What to work on = In the entries below, find the line with "Dior Ivory Guipure" and the line with "Aqua Blue Printed". Print those two and everything between them exactly, and nothing else.

+++

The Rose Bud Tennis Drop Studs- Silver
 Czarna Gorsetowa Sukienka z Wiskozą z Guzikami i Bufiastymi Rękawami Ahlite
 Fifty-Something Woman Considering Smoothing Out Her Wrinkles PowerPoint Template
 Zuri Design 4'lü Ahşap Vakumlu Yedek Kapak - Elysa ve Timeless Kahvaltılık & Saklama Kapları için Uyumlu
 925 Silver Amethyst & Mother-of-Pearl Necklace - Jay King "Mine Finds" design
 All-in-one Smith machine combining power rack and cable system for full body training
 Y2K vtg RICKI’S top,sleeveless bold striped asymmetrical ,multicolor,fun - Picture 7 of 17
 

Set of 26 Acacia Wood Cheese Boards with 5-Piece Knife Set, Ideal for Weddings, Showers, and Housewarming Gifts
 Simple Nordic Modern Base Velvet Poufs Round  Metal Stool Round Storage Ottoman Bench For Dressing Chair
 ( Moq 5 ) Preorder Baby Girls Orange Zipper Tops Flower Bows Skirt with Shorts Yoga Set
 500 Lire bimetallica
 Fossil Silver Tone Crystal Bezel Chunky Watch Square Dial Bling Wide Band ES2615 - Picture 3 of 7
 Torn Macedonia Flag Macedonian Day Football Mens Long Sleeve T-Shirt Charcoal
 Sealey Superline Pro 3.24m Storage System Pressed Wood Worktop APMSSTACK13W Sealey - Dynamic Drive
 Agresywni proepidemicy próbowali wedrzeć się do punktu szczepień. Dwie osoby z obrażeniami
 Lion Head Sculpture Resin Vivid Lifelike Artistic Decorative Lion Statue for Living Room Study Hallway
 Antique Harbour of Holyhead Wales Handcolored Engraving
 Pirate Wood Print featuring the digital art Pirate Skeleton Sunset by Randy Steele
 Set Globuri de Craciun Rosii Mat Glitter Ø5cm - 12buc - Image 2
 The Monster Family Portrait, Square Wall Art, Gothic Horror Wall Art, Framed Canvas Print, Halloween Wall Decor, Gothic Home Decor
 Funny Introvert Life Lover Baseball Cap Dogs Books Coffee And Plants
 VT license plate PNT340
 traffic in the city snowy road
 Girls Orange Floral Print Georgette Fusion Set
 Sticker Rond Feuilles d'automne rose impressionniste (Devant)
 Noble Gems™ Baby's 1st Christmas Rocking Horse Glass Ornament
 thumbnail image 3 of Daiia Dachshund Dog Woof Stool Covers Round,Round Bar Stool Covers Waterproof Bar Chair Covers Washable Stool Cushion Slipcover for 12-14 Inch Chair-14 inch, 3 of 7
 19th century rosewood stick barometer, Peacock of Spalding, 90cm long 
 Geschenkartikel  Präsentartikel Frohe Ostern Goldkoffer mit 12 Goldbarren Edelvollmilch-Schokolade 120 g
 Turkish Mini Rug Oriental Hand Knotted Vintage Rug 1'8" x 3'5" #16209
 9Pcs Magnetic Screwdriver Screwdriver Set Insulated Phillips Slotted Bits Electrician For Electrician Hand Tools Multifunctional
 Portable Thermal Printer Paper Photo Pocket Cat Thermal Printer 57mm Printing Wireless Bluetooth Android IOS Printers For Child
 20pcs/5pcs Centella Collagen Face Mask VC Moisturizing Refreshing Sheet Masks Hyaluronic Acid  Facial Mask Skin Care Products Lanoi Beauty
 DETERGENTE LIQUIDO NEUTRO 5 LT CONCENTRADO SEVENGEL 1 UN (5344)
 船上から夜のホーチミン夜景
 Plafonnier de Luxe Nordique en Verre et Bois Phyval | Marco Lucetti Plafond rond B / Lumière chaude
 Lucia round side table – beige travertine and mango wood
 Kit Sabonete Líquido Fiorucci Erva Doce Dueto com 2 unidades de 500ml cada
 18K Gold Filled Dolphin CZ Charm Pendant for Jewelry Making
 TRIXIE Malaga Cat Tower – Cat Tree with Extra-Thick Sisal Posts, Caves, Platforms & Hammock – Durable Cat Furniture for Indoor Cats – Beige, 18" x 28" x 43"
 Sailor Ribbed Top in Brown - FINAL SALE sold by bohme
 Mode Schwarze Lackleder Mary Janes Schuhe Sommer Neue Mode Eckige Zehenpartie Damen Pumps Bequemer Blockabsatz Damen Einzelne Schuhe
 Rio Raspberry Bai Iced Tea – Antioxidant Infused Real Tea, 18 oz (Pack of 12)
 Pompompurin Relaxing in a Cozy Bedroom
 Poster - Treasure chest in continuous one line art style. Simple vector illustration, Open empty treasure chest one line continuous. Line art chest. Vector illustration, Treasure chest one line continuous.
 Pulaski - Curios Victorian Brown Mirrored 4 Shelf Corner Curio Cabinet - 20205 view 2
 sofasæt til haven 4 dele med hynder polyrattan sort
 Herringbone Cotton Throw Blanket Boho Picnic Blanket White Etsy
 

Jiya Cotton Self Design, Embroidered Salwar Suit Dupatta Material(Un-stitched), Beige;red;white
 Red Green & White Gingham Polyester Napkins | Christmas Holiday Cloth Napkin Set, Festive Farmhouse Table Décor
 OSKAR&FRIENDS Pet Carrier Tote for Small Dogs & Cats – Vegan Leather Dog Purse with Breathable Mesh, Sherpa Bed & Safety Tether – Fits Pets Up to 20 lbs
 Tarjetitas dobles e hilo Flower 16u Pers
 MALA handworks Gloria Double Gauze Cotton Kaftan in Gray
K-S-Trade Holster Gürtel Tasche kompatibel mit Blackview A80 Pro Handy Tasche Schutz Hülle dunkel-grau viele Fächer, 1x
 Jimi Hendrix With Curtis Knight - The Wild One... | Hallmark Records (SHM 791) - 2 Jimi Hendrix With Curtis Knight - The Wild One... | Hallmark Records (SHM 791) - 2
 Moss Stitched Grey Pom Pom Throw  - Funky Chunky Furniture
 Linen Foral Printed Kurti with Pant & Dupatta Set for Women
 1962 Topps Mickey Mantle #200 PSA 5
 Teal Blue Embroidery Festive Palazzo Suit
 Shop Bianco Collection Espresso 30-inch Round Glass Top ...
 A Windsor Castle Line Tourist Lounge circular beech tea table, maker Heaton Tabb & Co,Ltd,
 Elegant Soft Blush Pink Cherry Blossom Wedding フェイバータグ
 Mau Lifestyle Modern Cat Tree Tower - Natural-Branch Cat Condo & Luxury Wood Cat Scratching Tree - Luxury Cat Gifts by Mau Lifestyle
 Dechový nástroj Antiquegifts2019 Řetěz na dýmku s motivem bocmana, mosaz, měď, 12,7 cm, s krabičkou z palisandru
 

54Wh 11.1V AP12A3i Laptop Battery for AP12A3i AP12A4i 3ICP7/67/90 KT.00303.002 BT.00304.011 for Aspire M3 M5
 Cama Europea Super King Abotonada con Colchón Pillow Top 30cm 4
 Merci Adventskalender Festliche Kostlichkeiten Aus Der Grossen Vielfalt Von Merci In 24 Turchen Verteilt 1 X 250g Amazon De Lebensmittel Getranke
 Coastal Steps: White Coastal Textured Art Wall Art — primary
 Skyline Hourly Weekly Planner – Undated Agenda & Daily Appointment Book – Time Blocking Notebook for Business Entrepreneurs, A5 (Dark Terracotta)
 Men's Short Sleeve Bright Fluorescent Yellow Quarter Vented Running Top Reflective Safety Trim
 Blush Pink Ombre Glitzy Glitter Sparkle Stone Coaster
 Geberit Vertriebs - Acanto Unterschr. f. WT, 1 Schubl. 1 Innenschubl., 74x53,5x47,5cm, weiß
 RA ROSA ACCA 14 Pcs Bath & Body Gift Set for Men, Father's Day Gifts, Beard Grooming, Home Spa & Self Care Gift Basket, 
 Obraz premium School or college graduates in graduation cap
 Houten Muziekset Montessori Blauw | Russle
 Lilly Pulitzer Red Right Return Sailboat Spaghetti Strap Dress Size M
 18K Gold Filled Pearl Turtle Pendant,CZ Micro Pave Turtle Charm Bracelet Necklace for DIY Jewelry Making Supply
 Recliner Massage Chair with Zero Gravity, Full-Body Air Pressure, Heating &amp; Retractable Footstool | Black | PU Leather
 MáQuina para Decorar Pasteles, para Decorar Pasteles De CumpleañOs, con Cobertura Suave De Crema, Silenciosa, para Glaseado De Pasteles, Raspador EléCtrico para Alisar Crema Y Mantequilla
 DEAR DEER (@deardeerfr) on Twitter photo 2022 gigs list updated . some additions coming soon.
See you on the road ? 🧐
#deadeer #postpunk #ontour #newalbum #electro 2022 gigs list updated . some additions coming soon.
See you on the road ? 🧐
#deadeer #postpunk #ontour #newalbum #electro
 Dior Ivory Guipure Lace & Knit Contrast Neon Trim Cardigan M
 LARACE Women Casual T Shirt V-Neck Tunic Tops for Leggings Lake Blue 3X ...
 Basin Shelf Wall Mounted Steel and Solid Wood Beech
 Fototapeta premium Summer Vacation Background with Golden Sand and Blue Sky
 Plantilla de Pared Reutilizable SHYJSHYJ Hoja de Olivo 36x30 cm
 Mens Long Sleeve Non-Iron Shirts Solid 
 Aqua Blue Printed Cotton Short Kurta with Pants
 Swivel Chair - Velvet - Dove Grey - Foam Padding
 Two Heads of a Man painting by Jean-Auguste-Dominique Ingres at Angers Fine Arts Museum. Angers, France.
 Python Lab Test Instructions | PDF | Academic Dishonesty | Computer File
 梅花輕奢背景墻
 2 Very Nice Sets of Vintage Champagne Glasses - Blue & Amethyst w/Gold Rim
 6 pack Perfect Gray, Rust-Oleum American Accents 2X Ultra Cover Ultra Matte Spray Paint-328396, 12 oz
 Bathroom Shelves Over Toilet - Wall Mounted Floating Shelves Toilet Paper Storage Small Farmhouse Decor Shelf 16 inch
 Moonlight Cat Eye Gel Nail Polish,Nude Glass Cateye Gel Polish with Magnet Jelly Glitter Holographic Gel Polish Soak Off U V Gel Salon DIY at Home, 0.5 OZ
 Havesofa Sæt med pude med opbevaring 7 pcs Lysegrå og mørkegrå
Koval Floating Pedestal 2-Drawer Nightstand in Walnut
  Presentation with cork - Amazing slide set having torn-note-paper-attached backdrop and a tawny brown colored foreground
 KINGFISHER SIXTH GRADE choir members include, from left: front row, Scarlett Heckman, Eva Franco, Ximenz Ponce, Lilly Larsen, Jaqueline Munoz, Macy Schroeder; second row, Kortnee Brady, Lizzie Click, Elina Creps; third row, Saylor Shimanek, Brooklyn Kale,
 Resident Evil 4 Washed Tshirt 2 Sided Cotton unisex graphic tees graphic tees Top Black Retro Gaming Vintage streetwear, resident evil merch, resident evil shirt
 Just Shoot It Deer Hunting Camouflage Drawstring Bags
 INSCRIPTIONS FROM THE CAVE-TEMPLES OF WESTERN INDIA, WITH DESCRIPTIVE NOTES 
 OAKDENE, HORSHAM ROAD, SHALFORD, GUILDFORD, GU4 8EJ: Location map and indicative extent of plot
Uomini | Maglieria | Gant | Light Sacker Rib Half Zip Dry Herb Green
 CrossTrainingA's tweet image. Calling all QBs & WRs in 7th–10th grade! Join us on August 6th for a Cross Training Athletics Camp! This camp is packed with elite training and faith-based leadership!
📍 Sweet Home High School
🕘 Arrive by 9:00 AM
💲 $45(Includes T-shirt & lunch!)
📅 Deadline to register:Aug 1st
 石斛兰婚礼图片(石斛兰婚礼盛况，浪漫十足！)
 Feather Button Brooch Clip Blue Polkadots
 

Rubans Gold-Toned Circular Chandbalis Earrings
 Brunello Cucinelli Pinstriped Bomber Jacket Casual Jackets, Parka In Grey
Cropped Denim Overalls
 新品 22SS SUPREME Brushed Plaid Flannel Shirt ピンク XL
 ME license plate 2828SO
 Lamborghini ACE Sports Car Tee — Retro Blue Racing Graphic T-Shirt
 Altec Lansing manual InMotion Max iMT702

+++

Written answer =
 Dior Ivory Guipure Lace & Knit Contrast Neon Trim Cardigan M
 LARACE Women Casual T Shirt V-Neck Tunic Tops for Leggings Lake Blue 3X ...
 Basin Shelf Wall Mounted Steel and Solid Wood Beech
 Fototapeta premium Summer Vacation Background with Golden Sand and Blue Sky
 Plantilla de Pared Reutilizable SHYJSHYJ Hoja de Olivo 36x30 cm
 Mens Long Sleeve Non-Iron Shirts Solid 
 Aqua Blue Printed Cotton Short Kurta with Pants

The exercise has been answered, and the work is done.